In his first book of short fiction, Same Place, Same Things (1996), Tim Gautreaux distinguished himself from other southern writers in a number of ways. His stories, including “Same Place, Same Things,” are not concerned with members of the southern gentility or aristocracy, nor are they populated by the grotesques that appear in fiction by southern writers such as Flannery O’Connor and Erskine Caldwell. His stories instead focus on realistic characters dealing with realistic problems; even though Ada is a murderer (with possibly more than one victim), her needs and wishes are human and recognizable, as is Harry’s basic decency.

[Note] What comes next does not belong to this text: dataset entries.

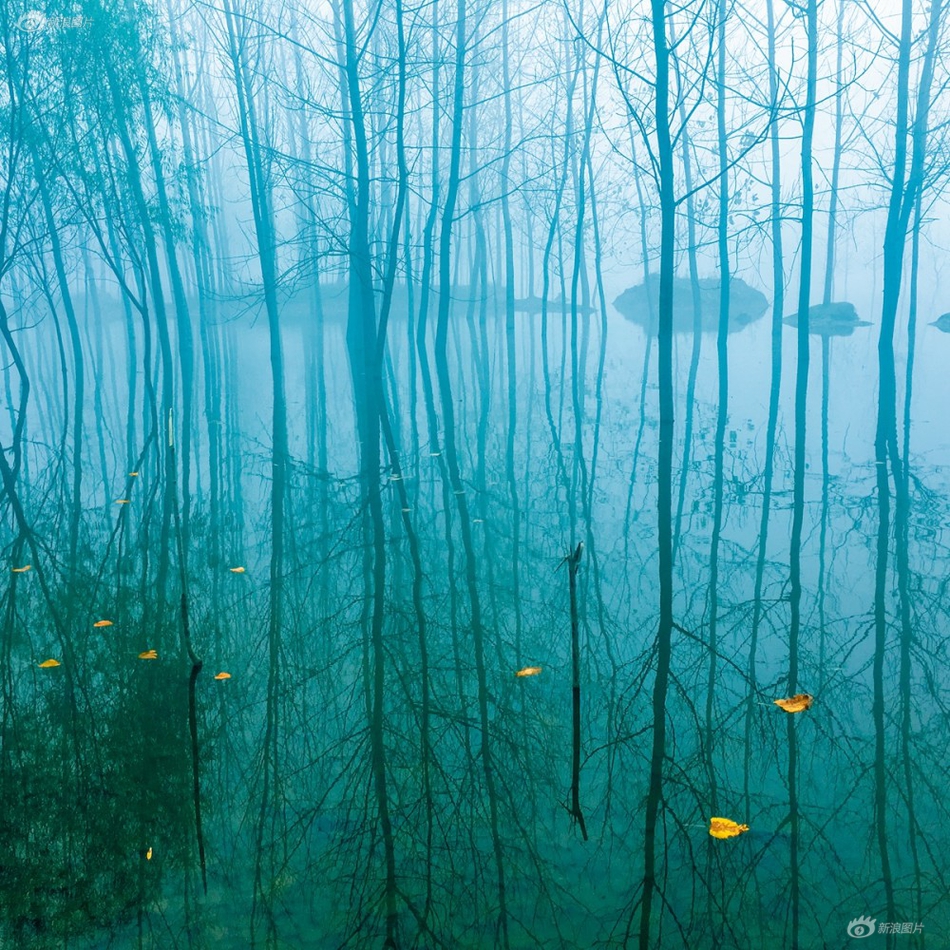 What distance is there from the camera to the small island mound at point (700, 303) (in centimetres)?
3555

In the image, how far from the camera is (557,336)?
2797cm

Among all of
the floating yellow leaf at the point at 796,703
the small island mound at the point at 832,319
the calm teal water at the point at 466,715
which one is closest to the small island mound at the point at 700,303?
the small island mound at the point at 832,319

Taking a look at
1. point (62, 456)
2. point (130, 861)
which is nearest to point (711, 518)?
point (130, 861)

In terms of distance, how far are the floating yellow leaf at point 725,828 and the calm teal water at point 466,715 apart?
0.09 ft

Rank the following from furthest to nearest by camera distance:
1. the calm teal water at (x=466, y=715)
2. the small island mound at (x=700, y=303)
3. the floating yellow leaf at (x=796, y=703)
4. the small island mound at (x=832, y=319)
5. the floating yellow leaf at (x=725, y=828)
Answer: the small island mound at (x=700, y=303) < the small island mound at (x=832, y=319) < the floating yellow leaf at (x=796, y=703) < the floating yellow leaf at (x=725, y=828) < the calm teal water at (x=466, y=715)

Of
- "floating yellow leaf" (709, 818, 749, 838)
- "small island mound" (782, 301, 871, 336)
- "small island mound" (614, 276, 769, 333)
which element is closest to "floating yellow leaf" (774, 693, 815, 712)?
"floating yellow leaf" (709, 818, 749, 838)

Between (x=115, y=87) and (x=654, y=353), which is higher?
(x=115, y=87)

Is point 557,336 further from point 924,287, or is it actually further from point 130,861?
point 924,287

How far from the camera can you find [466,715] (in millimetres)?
2793

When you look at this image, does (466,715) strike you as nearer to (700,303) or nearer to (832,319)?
(832,319)

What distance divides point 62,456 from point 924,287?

“Same Place, Same Things” also demonstrates Gautreaux’s sure hand with dialogue. Harry and Ada become living and breathing characters through their laconic and sparse spoken language; Gautreaux perfectly captures the idiom and vernacular of the deep South and the farm. The economical dialogue serves as a counterbalance to the poetic descriptions of the drought-ravaged Louisiana landscape.

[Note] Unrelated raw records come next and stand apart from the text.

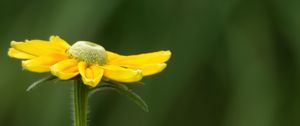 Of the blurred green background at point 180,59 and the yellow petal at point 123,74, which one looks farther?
the blurred green background at point 180,59

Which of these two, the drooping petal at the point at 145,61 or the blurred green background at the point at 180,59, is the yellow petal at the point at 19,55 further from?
the blurred green background at the point at 180,59

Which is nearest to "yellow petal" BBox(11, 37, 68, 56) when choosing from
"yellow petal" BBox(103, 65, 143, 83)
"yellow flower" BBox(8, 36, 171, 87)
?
"yellow flower" BBox(8, 36, 171, 87)

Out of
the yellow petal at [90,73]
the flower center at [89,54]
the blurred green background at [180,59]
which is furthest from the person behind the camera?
the blurred green background at [180,59]

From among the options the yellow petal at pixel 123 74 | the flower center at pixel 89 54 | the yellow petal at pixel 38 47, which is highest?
the yellow petal at pixel 38 47

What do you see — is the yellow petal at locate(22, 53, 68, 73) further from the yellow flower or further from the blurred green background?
the blurred green background

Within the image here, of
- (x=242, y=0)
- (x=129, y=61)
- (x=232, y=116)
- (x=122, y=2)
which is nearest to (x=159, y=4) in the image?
(x=122, y=2)

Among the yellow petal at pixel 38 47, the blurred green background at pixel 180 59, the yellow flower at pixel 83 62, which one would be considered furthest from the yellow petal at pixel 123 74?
the blurred green background at pixel 180 59

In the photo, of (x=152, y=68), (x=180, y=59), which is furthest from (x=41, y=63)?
(x=180, y=59) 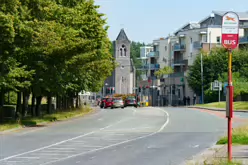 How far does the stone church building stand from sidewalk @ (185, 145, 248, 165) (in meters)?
114

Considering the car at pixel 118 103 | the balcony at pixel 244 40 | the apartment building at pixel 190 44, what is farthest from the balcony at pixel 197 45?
the car at pixel 118 103

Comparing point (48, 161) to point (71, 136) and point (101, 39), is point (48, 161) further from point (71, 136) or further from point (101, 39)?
point (101, 39)

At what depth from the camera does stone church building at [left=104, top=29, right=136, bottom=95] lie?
134875 mm

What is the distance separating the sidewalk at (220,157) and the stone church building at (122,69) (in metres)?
114

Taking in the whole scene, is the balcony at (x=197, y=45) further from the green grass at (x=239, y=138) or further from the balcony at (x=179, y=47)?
the green grass at (x=239, y=138)

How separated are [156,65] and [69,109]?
256 feet

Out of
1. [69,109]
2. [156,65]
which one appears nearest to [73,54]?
[69,109]

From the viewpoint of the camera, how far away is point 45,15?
3503cm

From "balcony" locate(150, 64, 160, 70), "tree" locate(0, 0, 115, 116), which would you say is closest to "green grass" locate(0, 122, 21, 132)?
"tree" locate(0, 0, 115, 116)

In addition to the drought itself serving as a metaphor for lives barren and desolate, the pumps that Harry services serve as symbols for people’s hope that somehow life will provide a change for the better. Although Harry does not become the willing accomplice to Ada’s release from a life of drudgery, his affinity with machines and ability to fix any pump is still worthy of consideration. Harry is able to take a seemingly broken machine and repair it so that it may continue on indefinitely, just as he has taken the presumably shattered remnants of his past and forged a new life. Had Ada but learned to repair rather than destroy, perhaps she too would find that her life could be salvaged.